Bonnaroo just celebrated its 10th anniversary and I was fortunate enough to be there. Between the delicious Spicy Pie Pizzas, Sweet Water IPAs and the unforgettable Arepas, I caught a couple shows. Here’s who left an impression.
These guys were my first show at Bonnaroo. I didn’t plan on seeing them, nor did I have any idea what they were, but when I heard the first few groovy measures of “Crosseyed and Painless” by Talking Heads I bolted through the crowd to find this 10+ member band rocking the crap out of one of David Byrne’s greatest songs. Yes, I changed my shape.
I stuck around for the rest of the show and these guys have some real talent. From their driving rhythms and liquid string section to their surprise synthesizers and frantic vocals, Uncle Skeleton never ceased to satisfy.
This California group has come up a bunch on my downtempo Pandora, so I wasn’t totally sure I’d be able to stay awake for their 2am-4am time slot. I stumbled into the tent not to a relaxed and phazed-out crowd, but to a writhing and dusty club with bass up to your neck. With dancers playing huge percussion and a live drum kit with violin (plus freaky animal masks!), Beats Antique doled out some of the most inspired hard dance tracks I’ve heard in a long time. Their sound is just a bit more organic than the ripping synth lines of Bassnectar, a bit more individual than Girl Talk’s frenetic Cliffs Notes of Pop but just hard enough to still make you feel dirty.
Sam Beam covers a wide spread of his songs with an eleven-piece fusion group. Unforgettable concert ensues. Here’s just a taste.
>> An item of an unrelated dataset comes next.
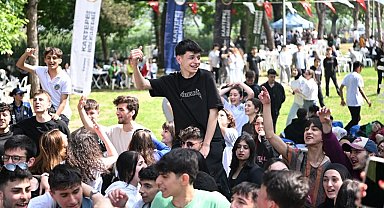 Üniversite sınavlarına girecek öğrencilere jest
Jose Gonzales’ newest venture is a 5-piece ambient acoustic-electric gem. What surprised me is how closely they resemble a jam band, but I never found myself bored at the show. Their rhythms are often plodding, but their instrumentation is always expanding the sound-scape and enveloping you in a warm blanket of smooth and spacey sounds. I felt like I had stumbled into a practice room with some cool dudes and a lot of great instruments; the sound they foster together is casual but controlled, letting you into a groove but then exploring a 10-minute drone solo on Mr. Gonzales’ KAOSSILATOR. I dug it. A lot.
If you’re looking for honest stage presence, look no further than these vintage vest-wearers from the North West. Colin Maloy was full of pomp and vocabulary, and I couldn’t help but laugh at his banter. Plus, he openly challenged Bela Fleck to a pick-off and they delivered a 5-minute solo of random notes, most of which he missed. It’s all in good fun, understand, because of course The Decemberists can’t shred. To drag it out in front of 30,000 people, however, takes balls the size of Saturn, and I respect that.
Holy extraordinary energy, Batman! This was an excellent live show. Each member on stage exuded as much passion and electricity as the leading man, Win Butler – who is sporting a new haircut (think sexy-Hitler). With so many people thrashing about on stage generating the pop-wash of sound that is Arcade Fire, its impossible not to connect. Hell yes it overwhelmed me. Hell yes I’ll see them again.
I love these guys for about 2 minutes per song, but their live show was truly the low point of the festival. Ratatat is very careful to preform each sprawling section of each song, some of which even last upwards of 6 minutes. As groovy as their music is, you’re lying if you say you don’t skip to the next track after 2 minutes. Well you just can’t do that at a live show. Snore.